Matt Blair

Matt Blair

I read that you learn more from a poor example than from a correct one. I don't believe this but that means my site will be a success.

5-Minute Read

Incident Review

Note: This is a series of project planning talks I gave my team.

Running your project

Writing A Technical Design Document

At this point, you’re ready to start designing your system.

A good technical design document should contain:

  • An overview of the problem
  • A breakdown of the individual milestones and how they’re related
  • High-level process / workflow diagrams / designs / etc
  • Any other notes that might be relevant to folks who will be working on the project

You should also consider if certain steps can be done in parallel, and what steps block other aspects of the work. Make sure to prioritize blocking steps, and possibly assign parallel work out simultaneously (if staffing permits).

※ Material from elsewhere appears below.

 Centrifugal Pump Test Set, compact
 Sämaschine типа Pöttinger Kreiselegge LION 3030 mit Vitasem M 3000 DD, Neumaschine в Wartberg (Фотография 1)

Attempting to breakdown work or introduce parallelism for projects that were not initially designed that way can cause problems later on. So it’s best to figure out in the design phase what work that can be done in parallel (planning for multiple developers).

Once your technical design is complete, you should review it with the engineering team before starting on your milestones.

Setting up goals / milestones / tickets

The planning phase is key to successful projects and focuses on developing a roadmap for the team to follow. During the planning phase, you should plan to organize your team, set up resources, and set goals.

After your design doc is complete and vetted, you should deconstruct each milestone into smaller chunks (tickets) so one person can be assigned responsibility for each facet.

In breaking down the work, consider many factors such as the strengths and weaknesses of project team members, the interdependencies among tasks, available resources, and the overall project deadline.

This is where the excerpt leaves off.